Bailey agrees, pointing out that buying a ring is a huge and difficult decision. “Megan Markel changed her ring. If even Prince Harry doesn’t get it right on the first try, it’s okay if somebody else doesn’t too,” she says.
But Gottlieb shows a bit more reservation about things. “[The engagement ring] symbolizes the start of a new chapter, [which is] all the more reason that both people should be on the same page about what it will eventually look like,” she says.
Luckily, these days, couples are more in tune with each other than ever when it comes to ring shopping; the surprise element of yesteryear has been replaced with couples embarking together on pre-engagment diamond ring shopping trips and appointments with jewelers, plus regularly exchanging Instagram DMs regarding design inspiration. “The surprise is often saved for the proposal itself, and perhaps some unique personalized details that get added to the design,” says Gottlieb.
What to Do When You Don’t Like You’re Engagement Ring
Although it’s becoming rarer for one partner to dislike the ring they receive, all of our experts attest to the fact that it still definitely happens from time to time. “It is not uncommon for a newly engaged client to request a new mounting or tweak an existing mounting,” says Bailey.
If merely broaching the subject of altering your engagement ring with your partner makes you cringe, you’re not alone. However, there are certainly ways to do it tactfully. “It will be a conversation you can’t take back,” says Bailey. “So rather than having an emotionally charged conversation when you first see the ring, it may be easier to sit with it for a few days and have an intentional, thoughtful conversation later on.”
“Some partners could be hurt by this admission,” warns Gottlieb. “In this case I would suggest to just wear the ring occasionally, and plan to pick out a wedding band you really love! In a few years, it might be easier to mention that you’re interested in changing the setting, or upgrading the style altogether.”
Upgrading Your Engagement Ring
Speaking of, upgrading is most certainly a ‘thing’. “The reality is financial situations change and so do tastes,” says Bailey.
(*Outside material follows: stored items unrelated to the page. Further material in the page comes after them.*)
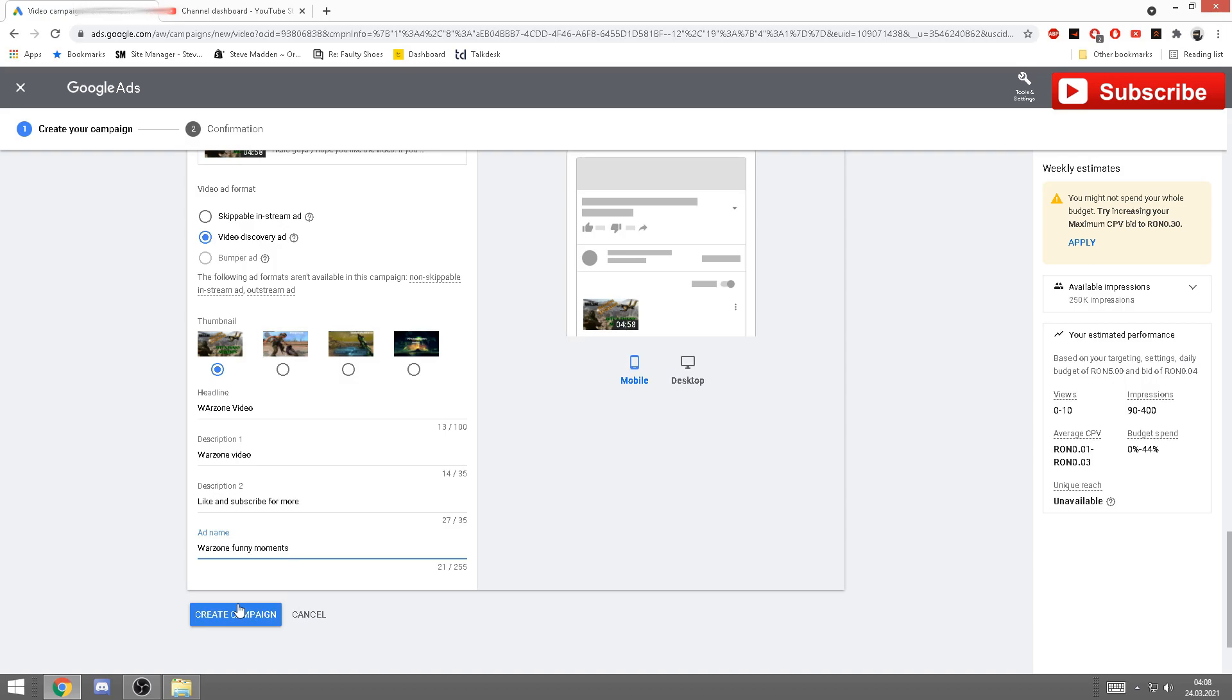Now before I go, one more thing, and this is very important: make sure your videos don't have swear words or any type of sexual content, because it will get disapproved and there's nothing you can do about it. You'll have to change the entire video. Also, when you put the names here on the left side: description, headline, ad name. Again, don't put any swear words, even like the WTF, because it's not gonna get approved.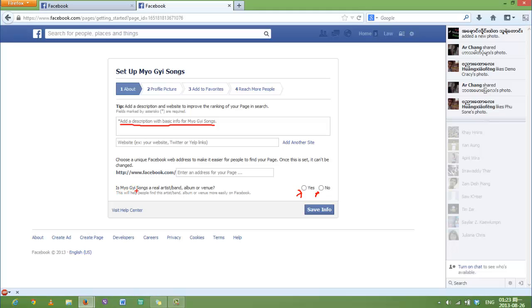The second thing is to check yes or no to this question: Is Music Songs a real artist, band, album, or venue? You can either check yes or no and then save info.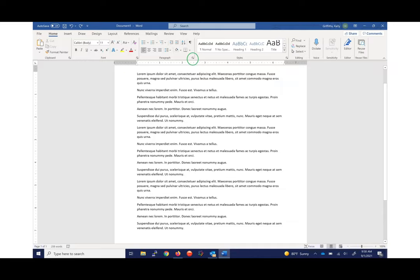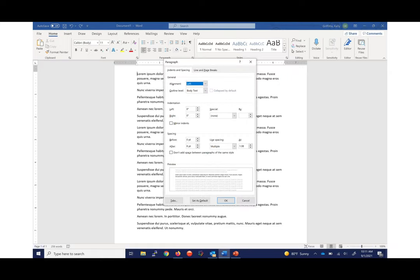Then pop out the paragraph menu. Under Special, you're going to select Hanging and then click on OK.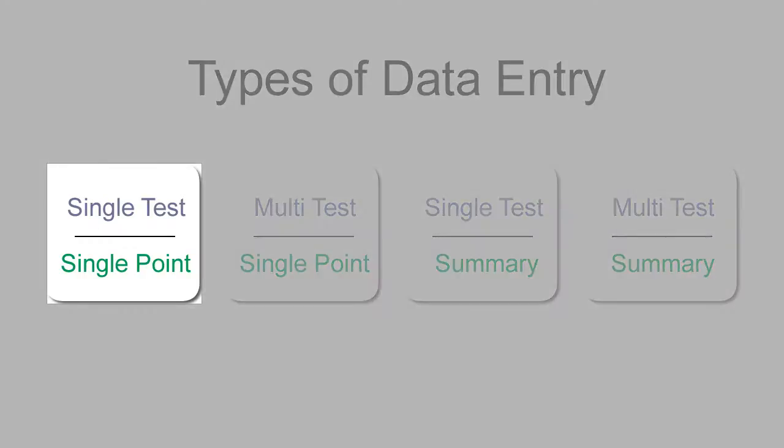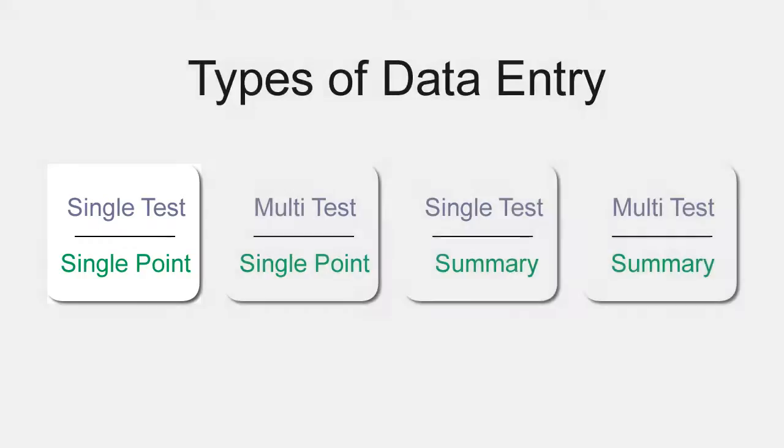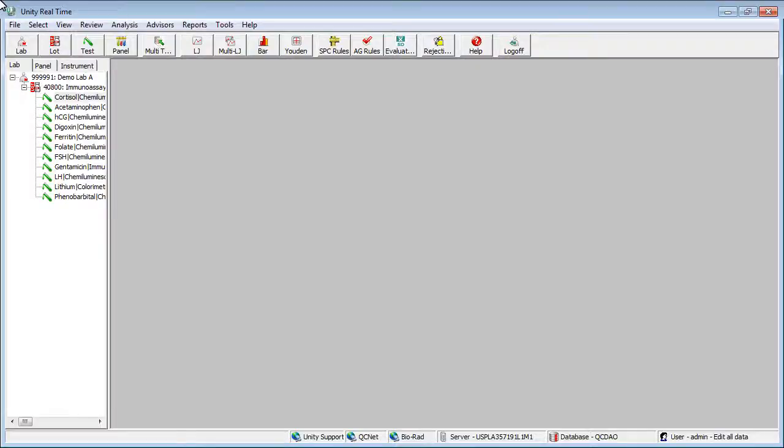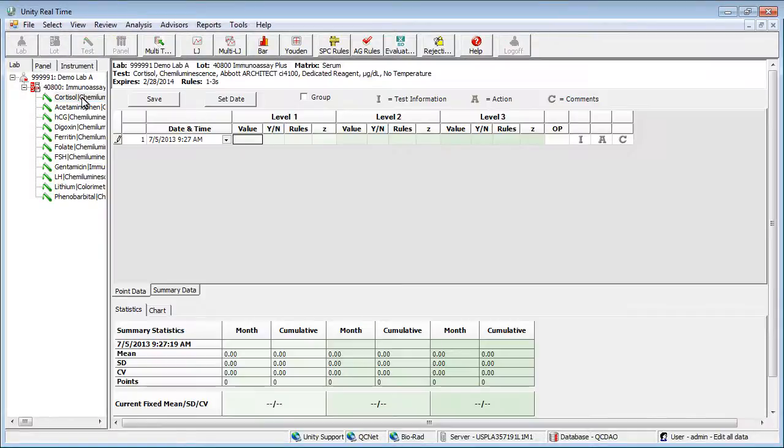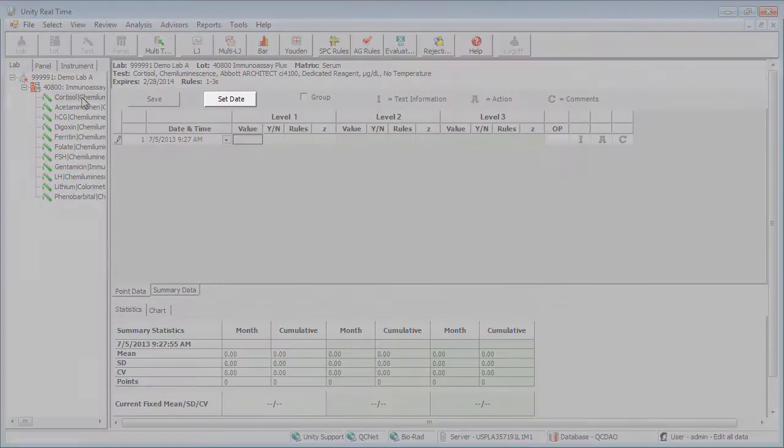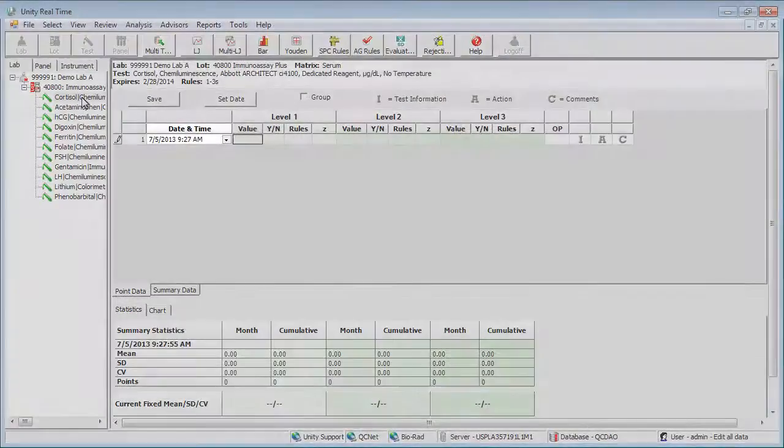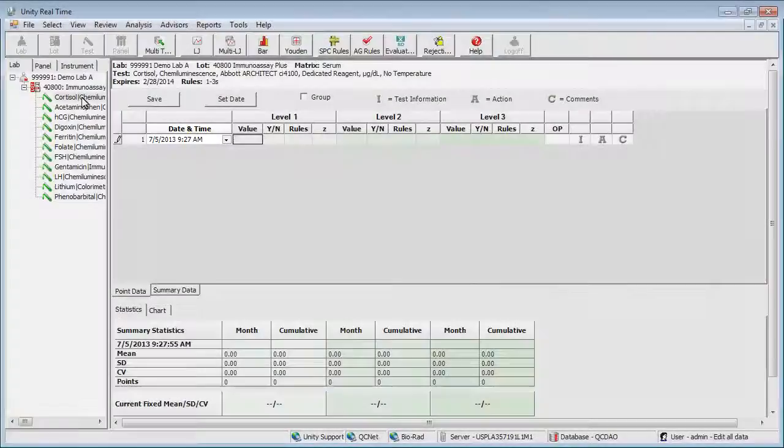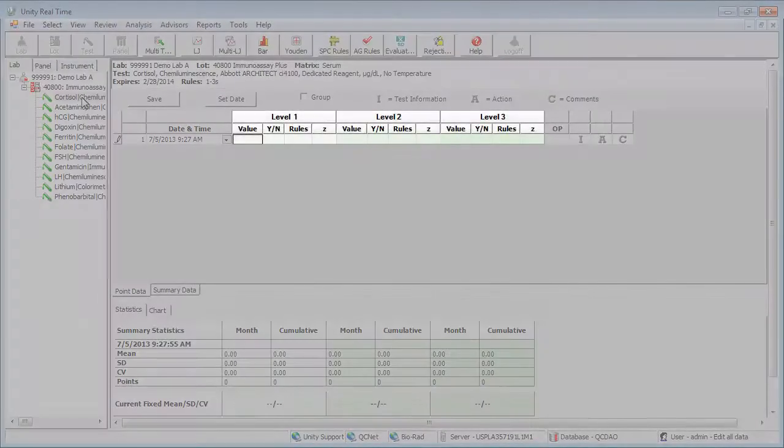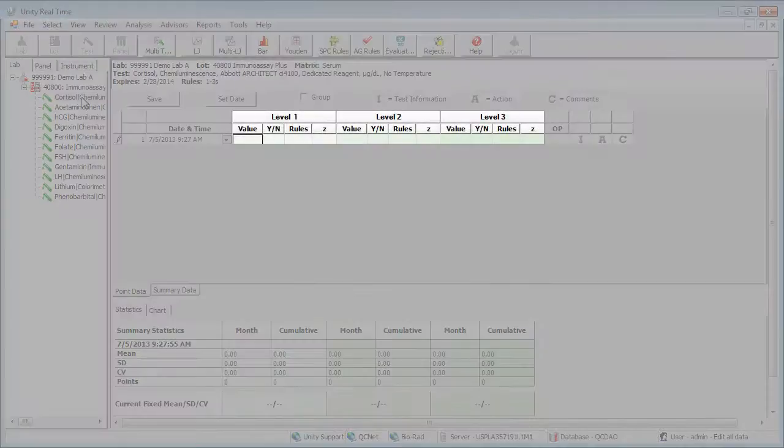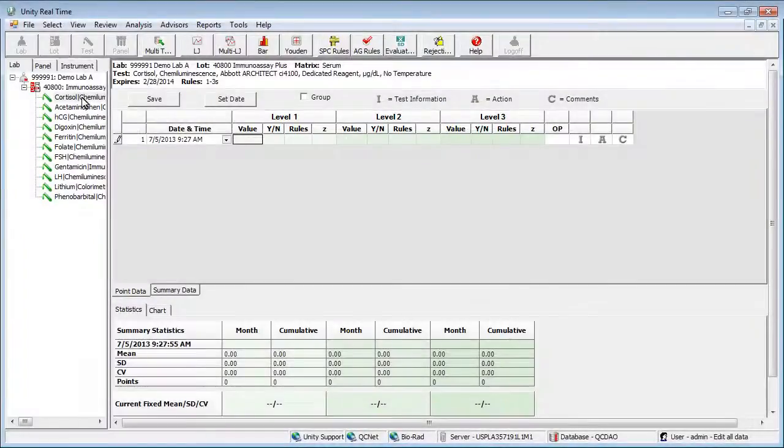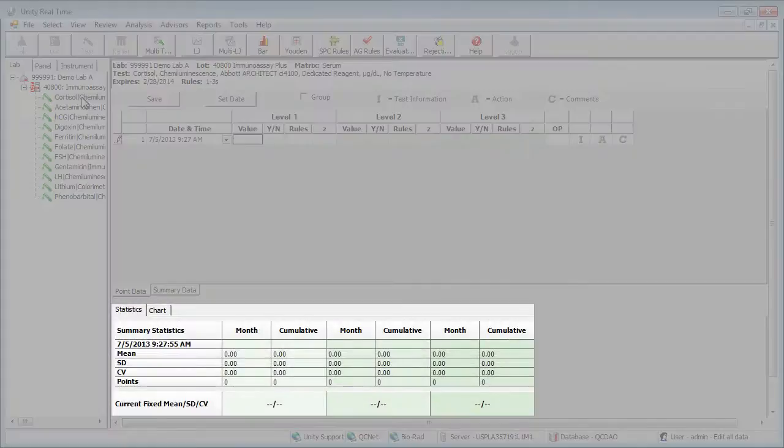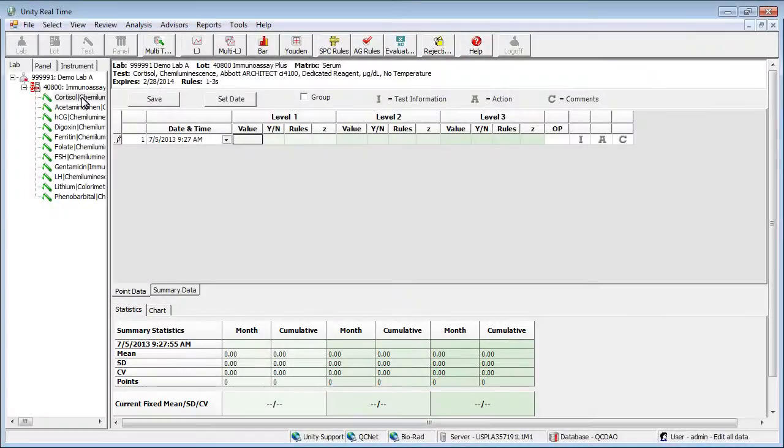Let's take a look at our first option. Double-click a test to open the data entry screen. The data entry screen appears. Here you are able to select a date using the set date button or the date and time field. Data is entered here. Cumulative statistics and charts can be accessed here.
Often, couples decide to step up their engagement ring game at a milestone anniversary year.”
Gottlieb tells us that enlarging your stone size is becoming more and more popular; many of her clients do that when celebrating a decade of love.
“If you receive a lab grown diamond and don’t like it, you can replace it with a natural diamond,” says Landau. “A large part of [what makes a natural diamond engagement ring so special] is that its stone was formed billions of years ago; that is what makes it so rare and valuable. Natural diamonds have inherent value and can be passed down for generations as heirlooms.”
Of course, if your ring is too sentimental to play with, there are other tricks of the trade for giving it an updated look. “A stack can definitely change up the look of an engagement ring,” says Gottlieb. “Bands with a unique design or fancy shape stones can help to add a new element to the engagement ring style.”
How to Tell Your Partner What Engagement Ring You Want
For those who are not yet engaged and hoping to avoid a massive disappointment—or super awkward conversation—, communication from the get go is key. “If you have your heart set on something very specific, and you don’t want to be disappointed, make sure you’re very direct and specific on what you want that to look like,” says Bailey. “Sometimes we need to be a little bit shameless to make sure our partner knows what we like!” Gottlieb says.
Also, it’s important to remember that the ring recipients don’t always know better. Just think: if Carrie Bradshaw had just accepted the engagement ring that Aidan picked out for her—a pear-shaped diamond on a gold band, which was at the time considered très un-chic—she would be in good company with today’s most stylish women. Which raises a new question: can the right engagement ring still wind up in the wrong relationship?